Digo cariño porque los clientes, pienso yo, exigimos una mano de afecto cuando ingresamos en cualquier bar. Idéntica ambición nos conduce cuando penetramos en un comercio: ser atendidos por alguien que interactúe con nosotros. Un poco de empatía. De lo contrario, bastaría un robot o una máquina expendedora. Eso sí: buscamos algo de afecto, pero sin pasarse. Que no somos de la familia. En particular, aborrezco ese tipo de camareros confianzudos, que parece que anoche cenaron con uno y yo sin enterarme. El tuteo es hoy una plaga tan abrumadora que desisto de plantear batalla porque sale el abuelo Cebolleta que (ay) empiezo a llevar dentro. Ahora te llama de tú cualquier chiguito, tratamiento que antes se reservaba sólo para los conocidos. Pero eso es lo de menos: lo fatal para un cliente conspicuo es comprobar cómo ha decaído el ejercicio de este oficio tan necesario para algunos de nosotros. Sobreviven, cierto, unos cuantos profesionales que honran su trabajo y el legado de sus antecesores: pienso en Tere y Ana, que lo ennoblecen mientras defienden la barra del Donosti, tan suculenta. Juanito, su anterior responsable, puede estar orgulloso de ellas.

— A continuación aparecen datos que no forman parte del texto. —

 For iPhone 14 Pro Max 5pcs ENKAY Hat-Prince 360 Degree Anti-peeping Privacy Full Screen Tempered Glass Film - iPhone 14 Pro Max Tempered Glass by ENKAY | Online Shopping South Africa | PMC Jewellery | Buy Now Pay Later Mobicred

No son los únicos ejemplos que mencionaré. Ahí van unos cuantos: echo de menos (segundo ay) a Javi gritando las bondades de La Simpatía, al anciano Maisi, que subía la empinada cuesta del Tívoli para atender su terraza con ese aire de escepticismo propio del camarero que ya lo ha visto todo y que me resulta tan caro. Pienso en otros camareros cuyos fantasmas aquí hemos convocado alguna vez: Santos y Dámaso de La Granja, Sebas del bar homónimo, los hermanos García también del homónimo bar de la calle San Juan, Manolo de El Soldado (y resto de la parentela), Alfonso Soldevilla, a quien resulta difícil ver ya a ese lado de la barra… Añada el improbable lector a quienes vea dignos de su confianza y comprobará conmigo que la suerte de muchos bares, creo que de casi todos, se decide no en su oferta de bebidas y comestibles, que también. Tampoco en su decoración o limpieza de los aseos, que también. Tampoco en su emplazamiento, aunque también. No: el éxito o el fracaso de un bar están históricamente unidos a la simpatía y profesionalidad de sus dueños y camareros.

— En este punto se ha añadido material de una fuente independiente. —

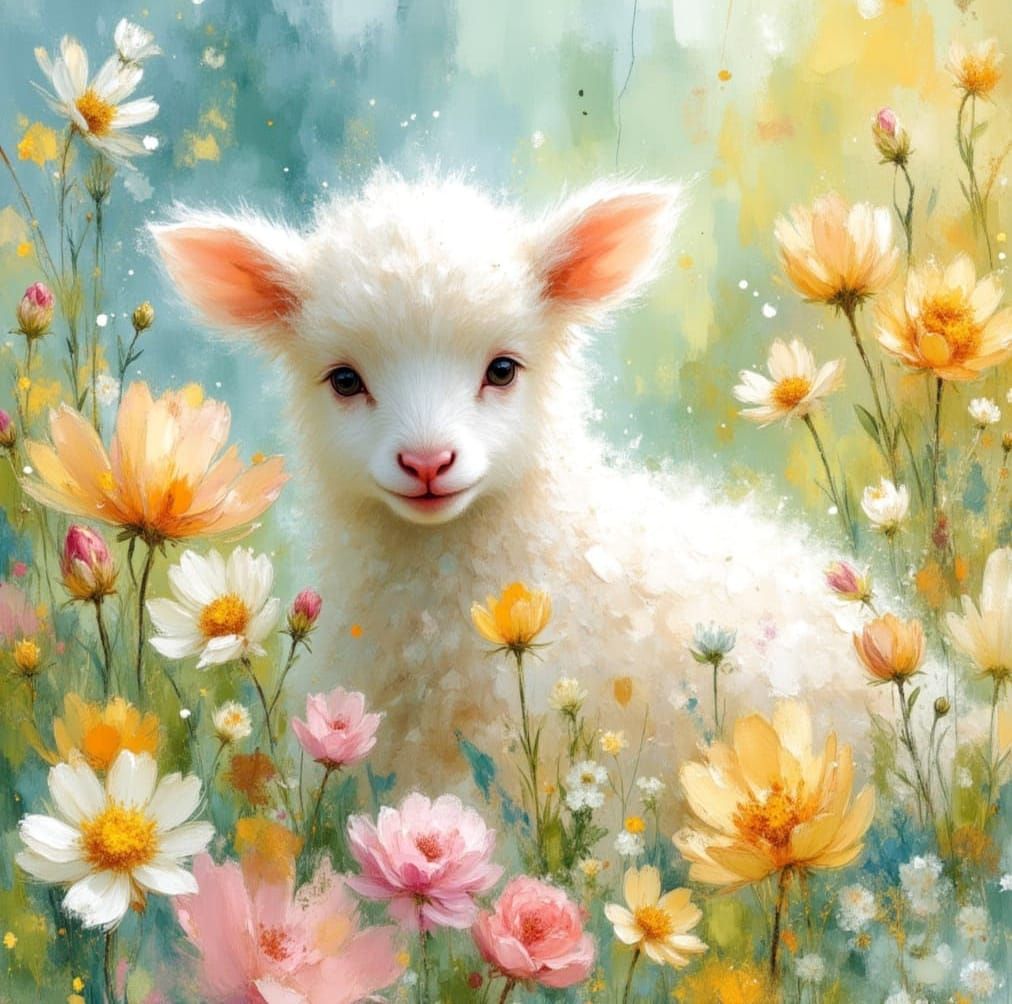 Ethereal Lamb in Summer Meadow, Impasto Watercolor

De modo que me resultaría imposible participar de jurado en un certamen que eligiera al mejor de Logroño. Supongo que se valorará su pericia administrando líquidos, la rapidez con que gestiona el cafelito, la limpieza pilotando la barra o vaya usted a saber qué. Pero un juicio más detallado exigirá tiempo, tanto tiempo que resultaría inviable. Tiempo para saber si posee la destreza mental del citado Santos, quien te ofrecía el cruasán aunque no lo hubieras pedido (sabía que lo querías), la maestría del mencionado Javi contando chistes malos, la gracia de las mentadas chicas del Donosti echando con una mano a los pesados mientras con la otra sirven a la vez cincuenta vinos y otras tantas raciones. Tiempo para discernir si los candidatos se parecen al actor apodado para el cine Tío Pío, aquel sentencioso Séneca con chaquetilla blanca. Tanto tiempo que es preferible tirar por la calle del medio: mi camarero favorito sería el resultado de sumar las virtudes de los arriba citados. Y de nombre, insisto: a ese camarero imposible le llamaría Tío Pío.

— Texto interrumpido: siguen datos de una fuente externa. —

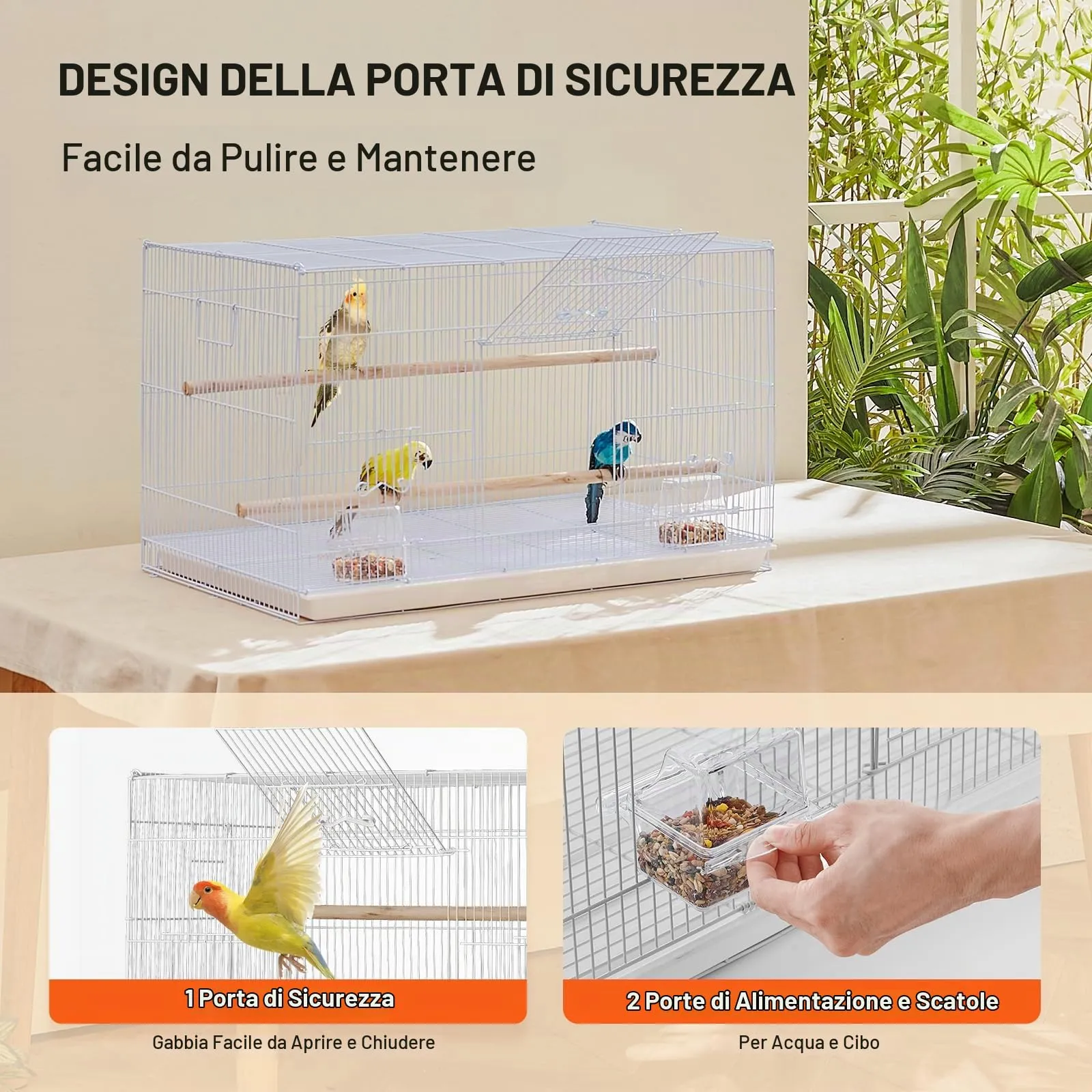 VEVOR Gabbia per Uccelli in Metallo, 760 x 460 x 455 mm, con 2 Trespoli e 2 Tazze per l'Alimentazione - immagine 4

P. D. Ilustra estas líneas la imagen de la tercera y última entrega del relato con los premiados en el concurso ideado aquí para celebrar el primer año del blog. Envía la foto Elena López Tamayo, quien brindó con vino de Rioja y un pincho por gentileza del Tastavín de la calle San Juan, a cuyos responsables incluyo en mi particular panteón de buenos camareros logroñeses: servicio ágil y cortés, sentido del humor, sin afectaciones, con generosidad. Para ellos, mi felicitación y mi gratitud por participar en el concurso, que alcanza también a Elena.